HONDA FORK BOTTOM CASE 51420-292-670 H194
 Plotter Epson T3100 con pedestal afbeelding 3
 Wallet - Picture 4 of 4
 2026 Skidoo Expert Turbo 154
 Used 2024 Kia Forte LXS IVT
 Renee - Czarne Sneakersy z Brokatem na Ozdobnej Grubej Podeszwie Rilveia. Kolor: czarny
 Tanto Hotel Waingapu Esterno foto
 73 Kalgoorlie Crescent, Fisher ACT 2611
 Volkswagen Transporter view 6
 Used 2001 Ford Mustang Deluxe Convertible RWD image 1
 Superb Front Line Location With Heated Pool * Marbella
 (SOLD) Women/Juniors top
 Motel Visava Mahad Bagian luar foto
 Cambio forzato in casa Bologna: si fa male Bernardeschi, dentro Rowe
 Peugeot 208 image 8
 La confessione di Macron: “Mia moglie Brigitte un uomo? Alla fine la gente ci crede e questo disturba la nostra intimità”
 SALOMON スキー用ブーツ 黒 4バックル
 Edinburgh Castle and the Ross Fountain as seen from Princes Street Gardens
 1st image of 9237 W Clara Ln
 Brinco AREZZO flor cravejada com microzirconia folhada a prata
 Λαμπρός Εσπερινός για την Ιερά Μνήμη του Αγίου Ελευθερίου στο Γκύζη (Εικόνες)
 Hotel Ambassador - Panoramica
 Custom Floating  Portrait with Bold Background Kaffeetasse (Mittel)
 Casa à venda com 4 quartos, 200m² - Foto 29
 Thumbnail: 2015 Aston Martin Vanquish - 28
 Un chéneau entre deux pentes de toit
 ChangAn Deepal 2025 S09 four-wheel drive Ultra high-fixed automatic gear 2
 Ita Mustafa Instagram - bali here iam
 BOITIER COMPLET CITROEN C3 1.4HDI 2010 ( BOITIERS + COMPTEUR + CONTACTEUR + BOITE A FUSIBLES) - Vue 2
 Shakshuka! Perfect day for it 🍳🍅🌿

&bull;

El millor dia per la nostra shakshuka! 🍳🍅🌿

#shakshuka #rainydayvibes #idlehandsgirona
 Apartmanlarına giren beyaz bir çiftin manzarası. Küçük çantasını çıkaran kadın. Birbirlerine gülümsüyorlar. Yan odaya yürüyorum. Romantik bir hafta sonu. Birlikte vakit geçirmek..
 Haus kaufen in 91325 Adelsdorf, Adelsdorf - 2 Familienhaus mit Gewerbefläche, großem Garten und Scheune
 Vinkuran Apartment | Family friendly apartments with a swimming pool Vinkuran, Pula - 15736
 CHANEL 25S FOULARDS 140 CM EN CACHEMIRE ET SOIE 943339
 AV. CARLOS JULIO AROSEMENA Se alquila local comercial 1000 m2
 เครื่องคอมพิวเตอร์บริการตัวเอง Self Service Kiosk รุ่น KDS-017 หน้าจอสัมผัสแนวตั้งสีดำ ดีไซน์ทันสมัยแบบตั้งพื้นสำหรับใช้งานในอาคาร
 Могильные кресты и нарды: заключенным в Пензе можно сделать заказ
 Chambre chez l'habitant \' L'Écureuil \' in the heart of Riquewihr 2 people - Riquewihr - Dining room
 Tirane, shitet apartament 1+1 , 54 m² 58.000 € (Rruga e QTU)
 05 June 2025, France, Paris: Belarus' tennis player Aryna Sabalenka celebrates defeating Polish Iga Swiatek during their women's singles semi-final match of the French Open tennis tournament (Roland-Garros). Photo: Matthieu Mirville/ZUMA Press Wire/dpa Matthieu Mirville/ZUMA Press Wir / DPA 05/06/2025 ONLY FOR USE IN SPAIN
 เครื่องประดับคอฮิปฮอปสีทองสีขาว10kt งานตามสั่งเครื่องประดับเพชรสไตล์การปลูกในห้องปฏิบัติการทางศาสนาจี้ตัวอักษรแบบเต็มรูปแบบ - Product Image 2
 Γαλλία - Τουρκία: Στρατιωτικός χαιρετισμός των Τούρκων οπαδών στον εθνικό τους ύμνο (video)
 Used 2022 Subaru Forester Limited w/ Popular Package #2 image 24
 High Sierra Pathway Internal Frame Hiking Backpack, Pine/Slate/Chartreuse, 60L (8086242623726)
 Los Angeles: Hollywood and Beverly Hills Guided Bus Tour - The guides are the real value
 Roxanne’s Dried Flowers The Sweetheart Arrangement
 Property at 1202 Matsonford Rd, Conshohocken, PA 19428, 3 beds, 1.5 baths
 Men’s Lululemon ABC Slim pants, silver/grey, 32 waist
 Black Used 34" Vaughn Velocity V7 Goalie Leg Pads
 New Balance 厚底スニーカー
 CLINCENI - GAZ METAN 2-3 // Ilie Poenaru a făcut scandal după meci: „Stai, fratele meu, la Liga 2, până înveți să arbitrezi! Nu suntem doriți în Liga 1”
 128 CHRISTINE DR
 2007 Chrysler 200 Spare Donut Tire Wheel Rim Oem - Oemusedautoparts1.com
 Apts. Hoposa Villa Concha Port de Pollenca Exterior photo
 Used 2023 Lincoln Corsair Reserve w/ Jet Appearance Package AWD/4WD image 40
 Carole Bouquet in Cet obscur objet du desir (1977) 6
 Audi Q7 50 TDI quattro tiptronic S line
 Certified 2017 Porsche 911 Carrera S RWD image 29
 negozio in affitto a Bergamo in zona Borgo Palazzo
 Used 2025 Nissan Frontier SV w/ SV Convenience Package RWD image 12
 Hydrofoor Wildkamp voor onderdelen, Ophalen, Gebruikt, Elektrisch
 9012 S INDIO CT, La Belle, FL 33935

__________________________________________________

#### Task directions
Retype the entries exactly, including every line.

#### Answer box
HONDA FORK BOTTOM CASE 51420-292-670 H194
 Plotter Epson T3100 con pedestal afbeelding 3
 Wallet - Picture 4 of 4
 2026 Skidoo Expert Turbo 154
 Used 2024 Kia Forte LXS IVT
 Renee - Czarne Sneakersy z Brokatem na Ozdobnej Grubej Podeszwie Rilveia. Kolor: czarny
 Tanto Hotel Waingapu Esterno foto
 73 Kalgoorlie Crescent, Fisher ACT 2611
 Volkswagen Transporter view 6
 Used 2001 Ford Mustang Deluxe Convertible RWD image 1
 Superb Front Line Location With Heated Pool * Marbella
 (SOLD) Women/Juniors top
 Motel Visava Mahad Bagian luar foto
 Cambio forzato in casa Bologna: si fa male Bernardeschi, dentro Rowe
 Peugeot 208 image 8
 La confessione di Macron: “Mia moglie Brigitte un uomo? Alla fine la gente ci crede e questo disturba la nostra intimità”
 SALOMON スキー用ブーツ 黒 4バックル
 Edinburgh Castle and the Ross Fountain as seen from Princes Street Gardens
 1st image of 9237 W Clara Ln
 Brinco AREZZO flor cravejada com microzirconia folhada a prata
 Λαμπρός Εσπερινός για την Ιερά Μνήμη του Αγίου Ελευθερίου στο Γκύζη (Εικόνες)
 Hotel Ambassador - Panoramica
 Custom Floating  Portrait with Bold Background Kaffeetasse (Mittel)
 Casa à venda com 4 quartos, 200m² - Foto 29
 Thumbnail: 2015 Aston Martin Vanquish - 28
 Un chéneau entre deux pentes de toit
 ChangAn Deepal 2025 S09 four-wheel drive Ultra high-fixed automatic gear 2
 Ita Mustafa Instagram - bali here iam
 BOITIER COMPLET CITROEN C3 1.4HDI 2010 ( BOITIERS + COMPTEUR + CONTACTEUR + BOITE A FUSIBLES) - Vue 2
 Shakshuka! Perfect day for it 🍳🍅🌿

&bull;

El millor dia per la nostra shakshuka! 🍳🍅🌿

#shakshuka #rainydayvibes #idlehandsgirona
 Apartmanlarına giren beyaz bir çiftin manzarası. Küçük çantasını çıkaran kadın. Birbirlerine gülümsüyorlar. Yan odaya yürüyorum. Romantik bir hafta sonu. Birlikte vakit geçirmek..
 Haus kaufen in 91325 Adelsdorf, Adelsdorf - 2 Familienhaus mit Gewerbefläche, großem Garten und Scheune
 Vinkuran Apartment | Family friendly apartments with a swimming pool Vinkuran, Pula - 15736
 CHANEL 25S FOULARDS 140 CM EN CACHEMIRE ET SOIE 943339
 AV. CARLOS JULIO AROSEMENA Se alquila local comercial 1000 m2
 เครื่องคอมพิวเตอร์บริการตัวเอง Self Service Kiosk รุ่น KDS-017 หน้าจอสัมผัสแนวตั้งสีดำ ดีไซน์ทันสมัยแบบตั้งพื้นสำหรับใช้งานในอาคาร
 Могильные кресты и нарды: заключенным в Пензе можно сделать заказ
 Chambre chez l'habitant \' L'Écureuil \' in the heart of Riquewihr 2 people - Riquewihr - Dining room
 Tirane, shitet apartament 1+1 , 54 m² 58.000 € (Rruga e QTU)
 05 June 2025, France, Paris: Belarus' tennis player Aryna Sabalenka celebrates defeating Polish Iga Swiatek during their women's singles semi-final match of the French Open tennis tournament (Roland-Garros). Photo: Matthieu Mirville/ZUMA Press Wire/dpa Matthieu Mirville/ZUMA Press Wir / DPA 05/06/2025 ONLY FOR USE IN SPAIN
 เครื่องประดับคอฮิปฮอปสีทองสีขาว10kt งานตามสั่งเครื่องประดับเพชรสไตล์การปลูกในห้องปฏิบัติการทางศาสนาจี้ตัวอักษรแบบเต็มรูปแบบ - Product Image 2
 Γαλλία - Τουρκία: Στρατιωτικός χαιρετισμός των Τούρκων οπαδών στον εθνικό τους ύμνο (video)
 Used 2022 Subaru Forester Limited w/ Popular Package #2 image 24
 High Sierra Pathway Internal Frame Hiking Backpack, Pine/Slate/Chartreuse, 60L (8086242623726)
 Los Angeles: Hollywood and Beverly Hills Guided Bus Tour - The guides are the real value
 Roxanne’s Dried Flowers The Sweetheart Arrangement
 Property at 1202 Matsonford Rd, Conshohocken, PA 19428, 3 beds, 1.5 baths
 Men’s Lululemon ABC Slim pants, silver/grey, 32 waist
 Black Used 34" Vaughn Velocity V7 Goalie Leg Pads
 New Balance 厚底スニーカー
 CLINCENI - GAZ METAN 2-3 // Ilie Poenaru a făcut scandal după meci: „Stai, fratele meu, la Liga 2, până înveți să arbitrezi! Nu suntem doriți în Liga 1”
 128 CHRISTINE DR
 2007 Chrysler 200 Spare Donut Tire Wheel Rim Oem - Oemusedautoparts1.com
 Apts. Hoposa Villa Concha Port de Pollenca Exterior photo
 Used 2023 Lincoln Corsair Reserve w/ Jet Appearance Package AWD/4WD image 40
 Carole Bouquet in Cet obscur objet du desir (1977) 6
 Audi Q7 50 TDI quattro tiptronic S line
 Certified 2017 Porsche 911 Carrera S RWD image 29
 negozio in affitto a Bergamo in zona Borgo Palazzo
 Used 2025 Nissan Frontier SV w/ SV Convenience Package RWD image 12
 Hydrofoor Wildkamp voor onderdelen, Ophalen, Gebruikt, Elektrisch
 9012 S INDIO CT, La Belle, FL 33935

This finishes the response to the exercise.